これまで自動車のカタログには「10・15モード」と呼ばれる国交省審査値を基準にした燃料消費率が記載されてきましたが、2007年7月よりさらに厳格な「JC08モード」という新審査値に変更され、実走行時の燃費性能により近い数値がカタログへ記載されることになります。
従来の「10.15モード」は、実走行燃費よりもかなり甘い値となっていましたから、車両購入後に「思ったよりも燃費が悪いなぁ」なんて感じていたドライバーは多かったハズ。
今回の燃費性能試験基準の変更は、このような"実走行値とカタログ記載値の差"を縮める措置であり、エンドユーザーへより精度の高い情報を提供しようという試みです。
新しい燃費性能試験基準となるこの「JC08モード」では、実際の交通状況に似せた細かい速度変化や、エンジンが冷えた状態からの走行による燃費性能が反映されるため、概ね「10・15モード」比で10%ほど燃費性能が悪くなるようです。
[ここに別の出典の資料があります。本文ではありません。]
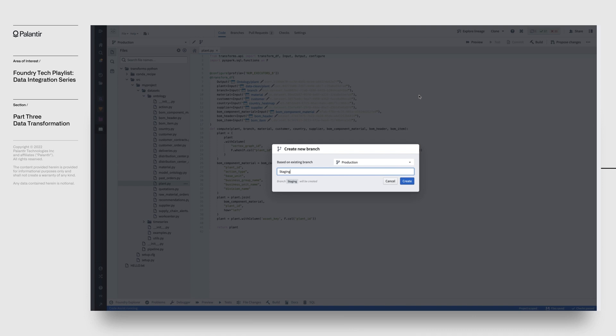This is one of Foundry's key strengths. Data branching removes the traditional trade-off between speed of iteration and the stability of your pipelines. With data branching, you can move as fast as you need to build value in your business, but without the risk that usually comes with normal staging to production promotion paradigms.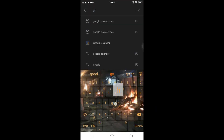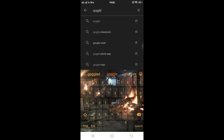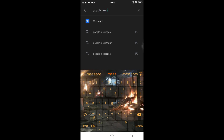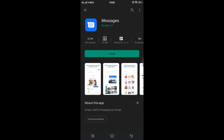Tap on the search box and type 'Google Messages' into it. Instantly this screen will appear on your phone. Now tap on the green button that says Install.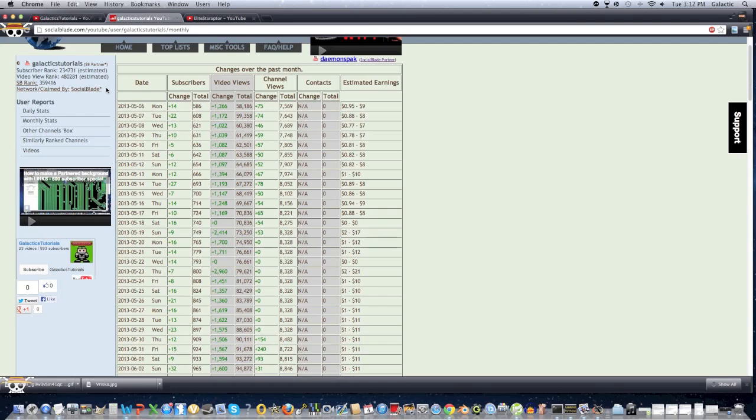So yeah guys, thanks for watching. Feel free to rate, comment, and subscribe. I hope this video helped you. It definitely did help me by becoming partnered, as you can see. I rose from like a couple hundred views a day to a couple thousand. It's pretty amazing. But yeah guys, thanks for watching, and I hope to see you guys next time.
また、従来では車両重量が大幅に変わっても型式が一緒である場合は燃費性能の表示は同一でしたが、「JC08モード」では車両重量毎に異なる数値を表記することになるため、グレードによる燃費性能の違いも分かるようになります。
例えば8人乗りのミニバンと7人乗りのミニバンでは車両重量も変わってきますから、燃費性能にも差が出るかもしれませんね。
この「JC08モード」のカタログへの記載は2007年7月よりスタートし、当面は従来の「10・15モード」と「JC08モード」が併載される模様。「10・15モード」から「JC08モード」に完全移行するのは2011年4月からとなります。
それにしても、ガソリン市販価格の高騰や環境負荷の低減などの観点から、燃費性能に対する注目度は増すばかりの昨今、カタログ記載値がより厳格になるのはすべてのエンドユーザーによって、うれしいニュースといえそうですね。
う~ん、でもアキモトの大好きなアメリカ車にとっては、ちょっと旗色の悪い基準変更なのかな?